Gene Search Gene search by inputting HGNC gene symbol or Ensembl ID.

3.1. Gene Summary The Gene Summary provides a visualization of different features of a user-selected gene in relation to the cancer types. The features contain Differential expression (DE), Mutation, Copy Number Variation (CNV), Methylation, Survival and miRNA.

The Differential expression (DE) squares indicate whether a gene is significant with p-value <0.05 and whether it is differentially expressed. Red represents up-regulated genes with log2(fold change) > 1 and green represents down-regulated genes with log2(fold change) < -1.

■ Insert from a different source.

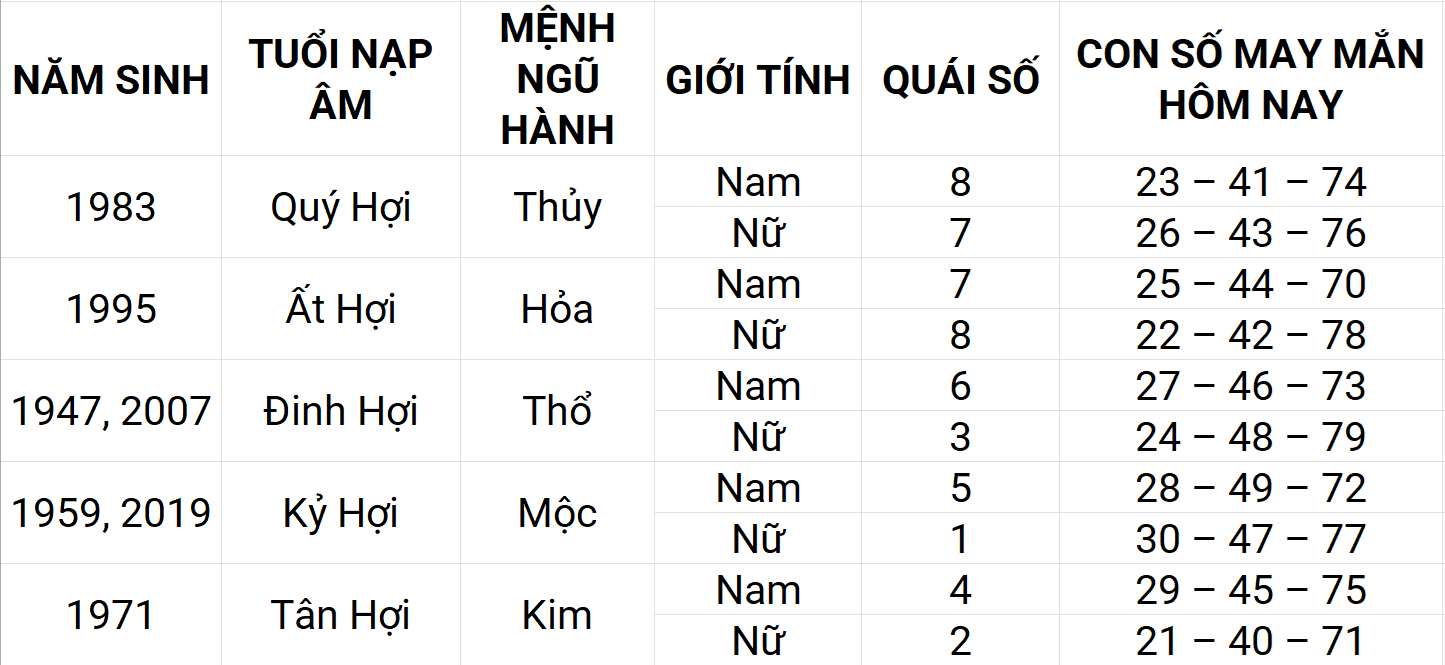 Con số may mắn hôm nay 16/4/2025 12 con giáp: Thân phát triển mạnh mẽ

The Mutation squares indicate the number of mutation tools which identify this gene as a mutation driver. As the number of tools goes from low to high, the blue color goes from light to deep, correspondingly.

The Copy Number Variation (CNV) squares indicate CNV gain or loss of a gene. Red indicates gains with respect to the reference genome (1) and the green represents a loss (-1).

The Methylation squares indicate whether the gene is hyper-methylated (1) or hypomethylated (-1). Red represents hyper and green represents hypo.
The Survival squares indicate whether this is survival-relevant with log-rank p-value < 0.05. Red represents oncogene with log2(hazard ratio) > 0 and green represents tumor suppressor gene with log2(hazard ratio) < 0.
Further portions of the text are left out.